The Indian government has revamped the urea industry in an attempt to reduce the heavy economic burden of a state-controlled sector, states new research by industry experts GlobalData.
The new viewpoint* looks at the market for urea, an organic compound popularly used as a fertilizer in the agriculture sector due to its low cost and high nitrogen content. Urea is the most consumed nitrogenous fertilizer worldwide, and having realized its importance in the Indian agriculture sector, the government placed production under state control, fixing the price at a reasonable level.
However, changes in government policies over the last decade have made the urea industry unattractive to enter. The urea investment policy introduced in 2008 tried to encourage investment in natural gas based urea plants, but failed to insulate producers from natural gas price volatility. Therefore, despite demand for urea growing consistently over the last decade, production capacity remained stagnant, causing supply shortages and a heavy dependency on imports. Concerned by the lack of investment in the urea sector, the Indian government reformulated its policy in June 2012, including a provision which insulates producers from rises in natural gas prices.
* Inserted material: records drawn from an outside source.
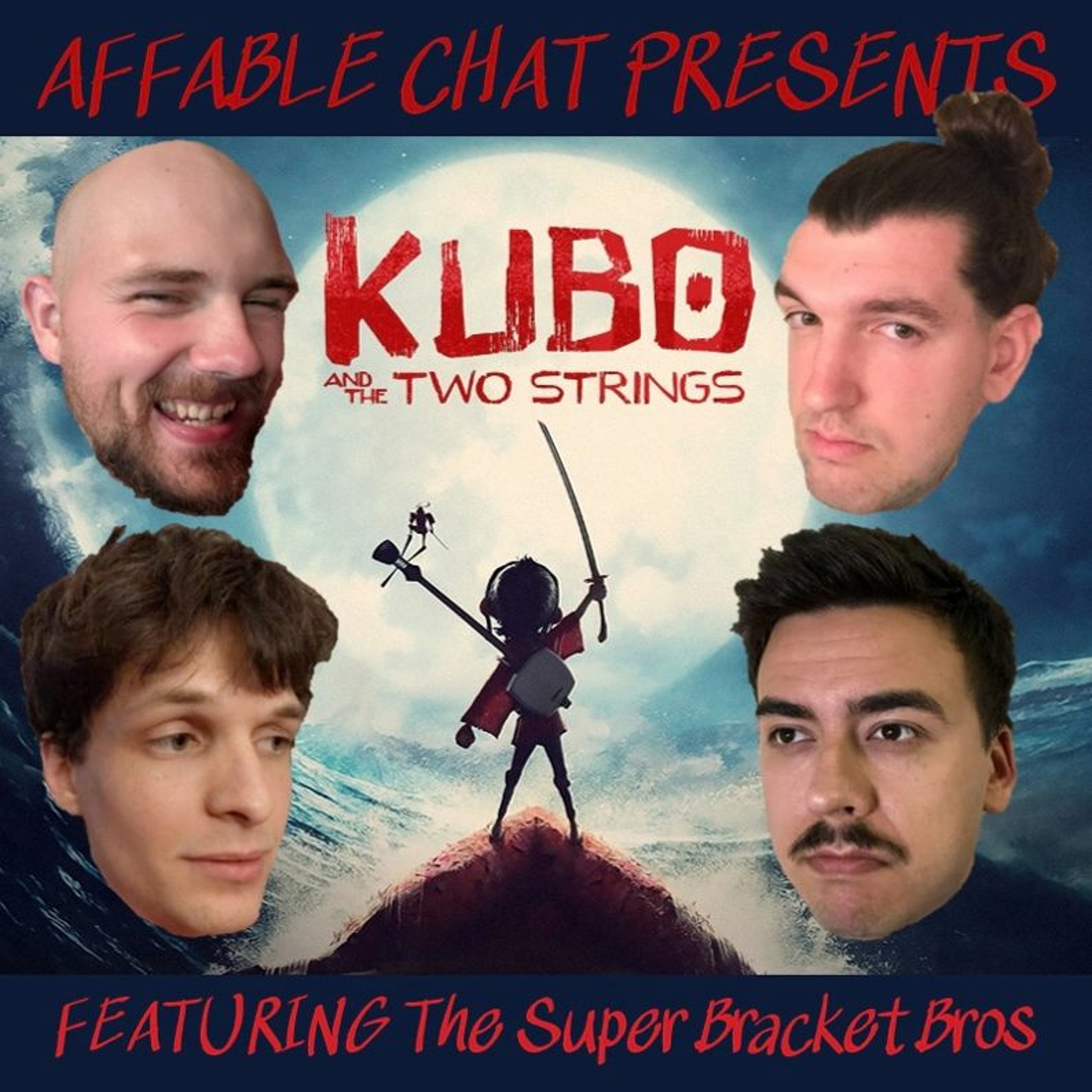 Kubo and the Two Strings (feat. The Super Bracket Bros) episode artwork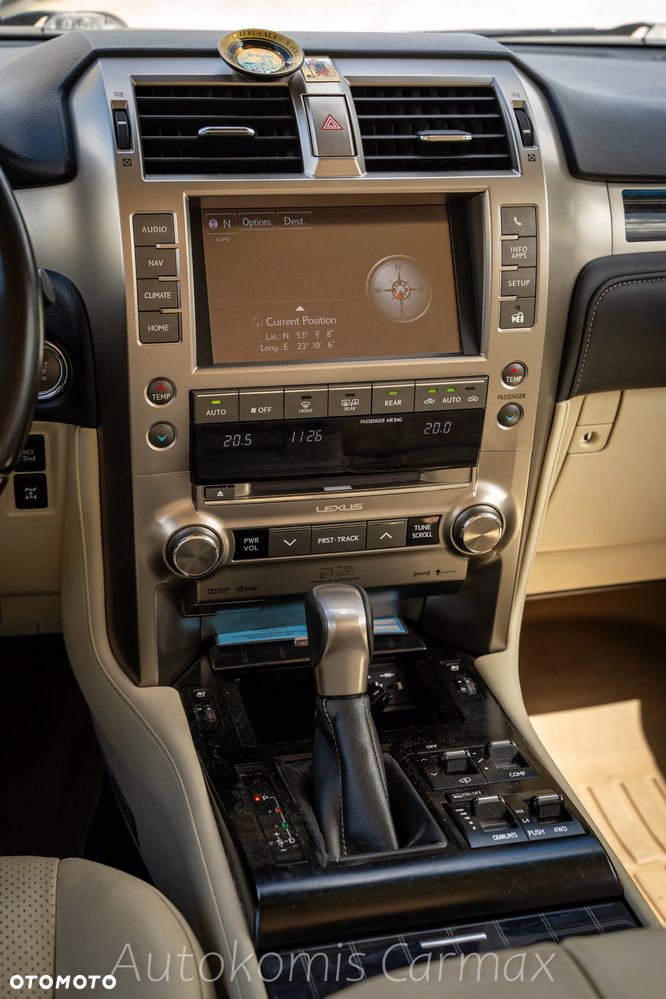 Lexus GX - 19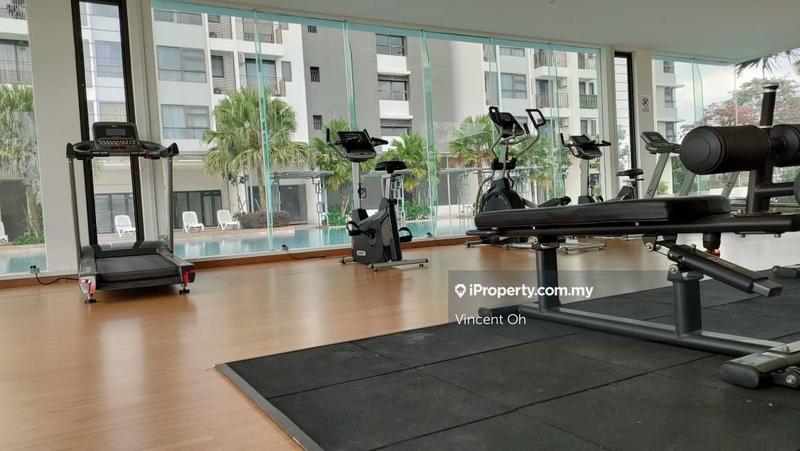 For Rent - Tiara Imperio Residence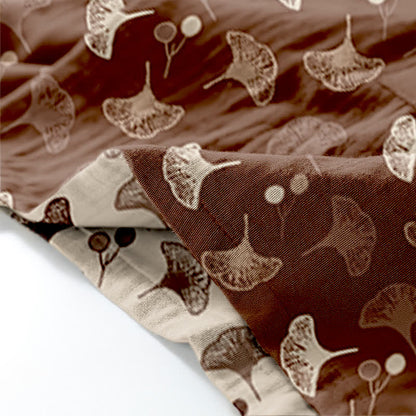 Ginkgo Organic Cotton Kimono Loungewear Set - image 28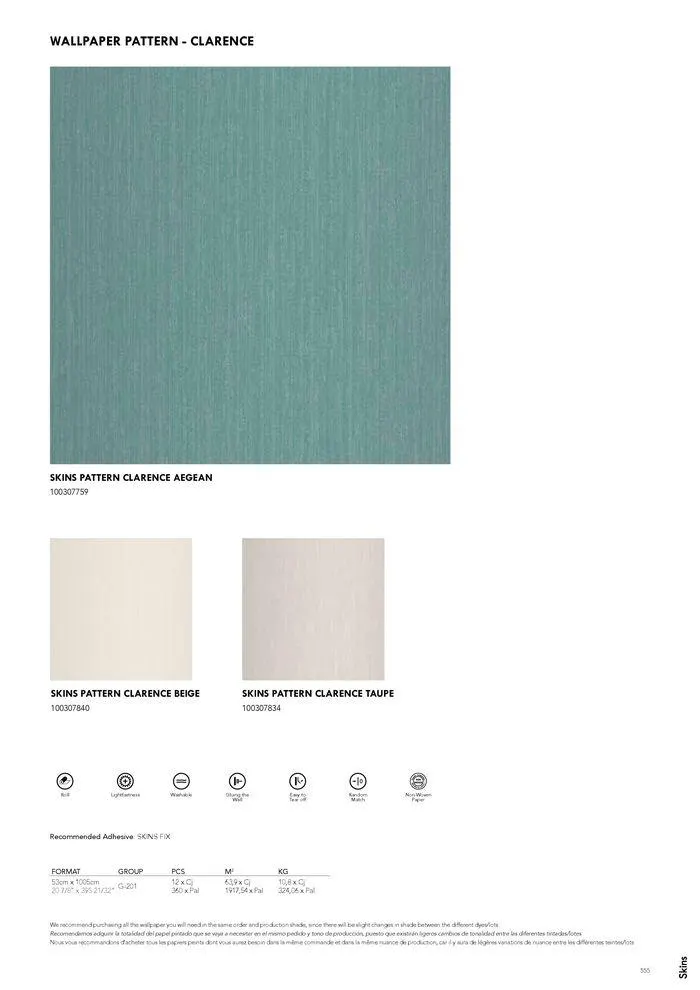 Catálogo de General Catalogue 2024 22 de mayo al 1 de enero 2025 - Página 565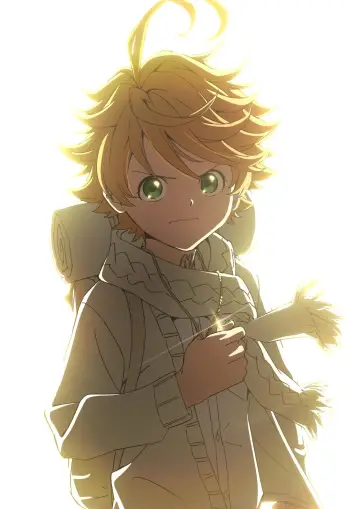Poster for the TV series "The Promised Neverland" #1709043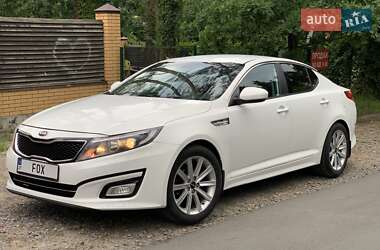 Седан Kia K5 2014 в Києві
Paradoxically, the production cost of urea is far higher than the sales price, and Indian producers therefore receive subsidies from the government under the New Pricing Scheme (NPS), which sets a floor price and ceiling price for the cost of production within urea plants. The government is employing all means to reduce the ballooning urea subsidy bill, which has aggravated the fiscal deficit within the country. Urea subsidies have increased at an impressive rate in the last decade and currently sit at $5.3 billion. This financial burden will remain until the urea industry is completely deregulated, but the government has adopted a two-way approach of reducing production costs and increasing sales prices in order to gradually shrink this enormous sum.
Thanks to the latest changes to the urea investment policy, many companies have announced planned projects, and over 6 Million Metric tons per annum (MMtpa) of capacity is expected to come on-stream in India within
the next five years. However, it is predicted that the gap in demand and supply will persist.
Urea production capacity in India is expected to increase at a compound annual growth rate (CAGR) of 5.2% during 2011-2016, showing substantial improvement from the CAGR of 0.7% during 2005-2011.